Darülmuallimin (1848), ardından Darülmuallimin-i Sıbyan (1870), Darülmuallimin-i İdadi (1877) ve Darülmuallimin-i Ali (1891) açıldılar. Bu süreçte eğitimin tüm kademelerine yönelik öğretmen yetiştiren okullar açılarak meslekte kısmi de olsa kurumlaşmaya doğru önemli adımlar atıldı.

Sıbyan mektepleri için 1869’da Maarif Nazırı Saffet Paşa tarafından hazırlanan Maarif-i Umumiye Nizamnamesi de çağdaşlaşmaya yönelik atılan önemli adımlardan biridir. Bu nizamname ile öğretmen adaylarının taşıması gereken özellikler, nasıl seçileceği, okuyacağı dersler ve mezun olduktan sonra görev alacakları alanlar ile yapacakları çalışmalara ışık tutacak ve “mükemmel öğretmen” yetiştirmek için ayrıntılı kurallar vardı.

Fatih’in medreseler için düşündüğü ve uygulattığı “Sıbyan Okulu Öğretmenliği Programı” girişiminin meslek okuluna dönüştürülememesi ve Darülmuallimin-i Sıbyan’ın yaklaşık 300 yıl sonra açılması, gecikmiş bir gelişmedir.

19. Yüzyılın sonuna doğru yapılan düzenlemede de “öğretmenlik mesleğine giriş hakkı yalnızca Darülmuallimin mezunlarına aittir” denilmesi kurumlaşmaya yönelik çalışmaları desteklemektedir.

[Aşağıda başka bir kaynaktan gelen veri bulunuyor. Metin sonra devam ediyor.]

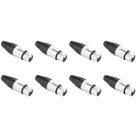 Kit 8 Conectores Xlr Canon Fêmea 3 Pinos Metálico Profissional Seetronic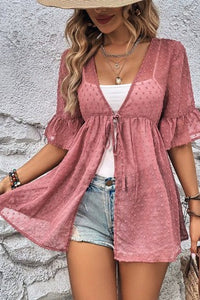 Swiss Dot Sheer Pink Kimono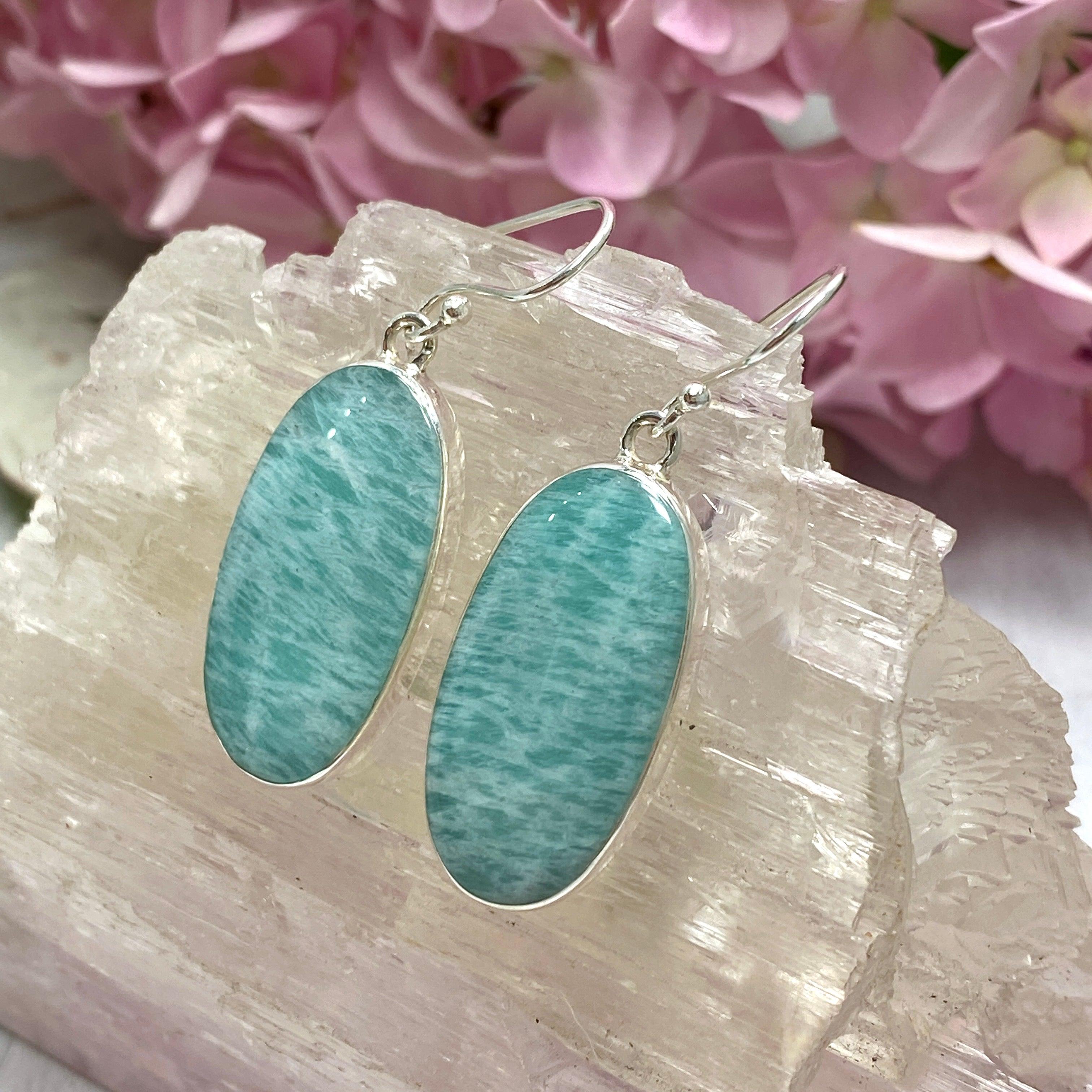 Amazonite Oval Stud Earrings for Women - 925 Sterling Silver Gemstone Jewelry - Elegant Gift for Birthday, Anniversary & Special Occasions
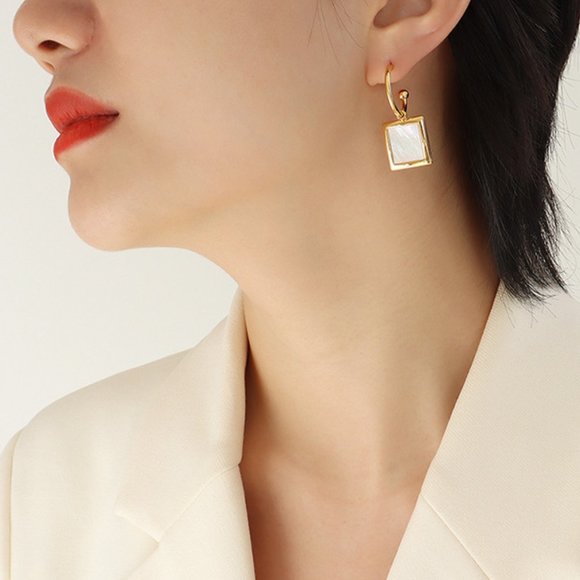 White Shell Geometric CC Hoop 18K Gold Plated Pendant Earrings Stainless Steel - Picture 3 of 7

1869 Nizamnamesinde kız ilkokullarına ve kız rüştiyelerine kadın öğretmen yetiştirmek üzere öngörülen “Darülmuallimat”ın ilki de 26 Nisan 1870’te İstanbul’da açıldı. Bu okul ilk kız öğretmen okulu oldu. Kız rüştiyelerinden mezun olanlar Dârülmuallimât’a sınavsız alınıyor, 5 yıl zorunlu hizmet karşılığı ihtiyacı olan öğrencilere, günümüzdeki öğrenci burs ve kredisi gibi ekonomik destek sağlanıyordu.

Bu dönemde öğretmenlere rehberlik etmek ve denetlemek amacıyla “müfettişlik” kurumu da oluşturuldu.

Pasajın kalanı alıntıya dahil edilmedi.